Turning Off Optimized Bitmaps
There is no query hint to turn off optimized bitmaps, but we can achieve the same effect using a couple of undocumented trace flags. As always, this is just for interest value; you would not want to ever use these in a real system or application:
SELECT T1.pk FROM dbo.T1 AS T1 JOIN dbo.T2 AS T2 ON T2.c1 = T1.c1 JOIN dbo.T2 AS T3 ON T3.pk = T2.pk OPTION (QUERYTRACEON 7497, QUERYTRACEON 7498);
The resulting execution plan is:
The Bitmap there is a post-optimization rewrite bitmap, not an optimized bitmap:
Note the zero cost estimates and Bitmap name (rather than Opt_Bitmap). without an optimized bitmap to skew the cost estimates, the post-optimization rewrite to include a null-rejecting Filter is activated. This execution plan runs in about 70ms.
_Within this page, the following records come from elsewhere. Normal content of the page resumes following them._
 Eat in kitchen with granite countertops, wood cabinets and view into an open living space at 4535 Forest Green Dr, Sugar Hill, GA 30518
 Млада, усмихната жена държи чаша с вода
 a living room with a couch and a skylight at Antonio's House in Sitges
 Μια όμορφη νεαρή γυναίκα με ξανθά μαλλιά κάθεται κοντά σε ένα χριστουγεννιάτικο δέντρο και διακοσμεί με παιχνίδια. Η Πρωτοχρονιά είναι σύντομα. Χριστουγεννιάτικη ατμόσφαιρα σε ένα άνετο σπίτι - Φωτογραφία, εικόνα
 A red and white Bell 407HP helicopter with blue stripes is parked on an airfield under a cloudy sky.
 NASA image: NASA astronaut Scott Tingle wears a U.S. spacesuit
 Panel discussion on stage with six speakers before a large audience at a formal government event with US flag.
The same execution plan (with Filter and non-optimized Bitmap) can also be produced by disabling the optimizer rule responsible for generating star join bitmap plans (again, strictly undocumented and not for real-world use):
SELECT T1.pk FROM dbo.T1 AS T1 JOIN dbo.T2 AS T2 ON T2.c1 = T1.c1 JOIN dbo.T2 AS T3 ON T3.pk = T2.pk OPTION (QUERYRULEOFF StarJoinToHashJoinsWithBitmap);
Including an explicit filter
This is the simplest option, but one would only think to do it if aware of the issues discussed so far. Now that we know we need to eliminate nulls from T2.c1, we can add this to the query directly:
SELECT T1.pk FROM dbo.T1 AS T1 JOIN dbo.T2 AS T2 ON T2.c1 = T1.c1 JOIN dbo.T2 AS T3 ON T3.pk = T2.pk WHERE T2.c1 IS NOT NULL; -- New!
The resulting estimated execution plan is perhaps not quite what you might be expecting:
The extra predicate we added has been pushed into the middle Clustered Index Scan of T2:
The post-execution plan is:
Notice that the Merge Join shuts down after reading one row from its top input, then failing to find a row on its lower input, due to the effect of the predicate we added. The Clustered Index Scan of table T1 is never executed at all, because the Nested Loops join never gets a row on its driving input. This final query form executes in one or two milliseconds.
This article has covered a fair amount of ground to explore some less well-known query optimizer behaviours, and explain the reasons for extremely poor hash join performance in a specific case.
It might be tempting to ask why the optimizer does not routinely add null-rejecting filters prior to equality joins. One can only suppose that this would not be beneficial in enough common cases. Most joins are not expected to encounter many null = null rejections, and adding predicates routinely could quickly become counter-productive, particularly if many join columns are present. For most joins, rejecting nulls inside the join operator is probably a better option (from a cost model perspective) than introducing an explicit Filter.
It does seem that there is an effort to prevent the very worst cases from manifesting through the post-optimization rewrite designed to reject null join rows before they reach the build input of a hash join. It seems that an unfortunate interaction exists between the effect of optimized bitmap filters and the application of this rewrite. It is also unfortunate that when this performance problem does occur, it is very difficult to diagnose from the execution plan alone.
For now, the best option seems to be aware of this potential performance issue with hash joins on nullable columns, and to add explicit null-rejecting predicates (with a comment!) to ensure an efficient execution plan is produced, if necessary. Using a MAXDOP 1 hint may also reveal an alternative plan with the tell-tale Filter present.
As a general rule, queries that join on integer type columns and go looking for data that exists tend to fit the optimizer model and execution engine capabilities rather better than the alternatives.
I also want to thank Rob Farley (blog | twitter) for our technical discussions over the years, and especially one in January 2015 where we discussed the implications of extra null-rejecting predicates for equi-joins. Rob has written about related topics several times, including in Inverse Predicates – look both ways before you cross.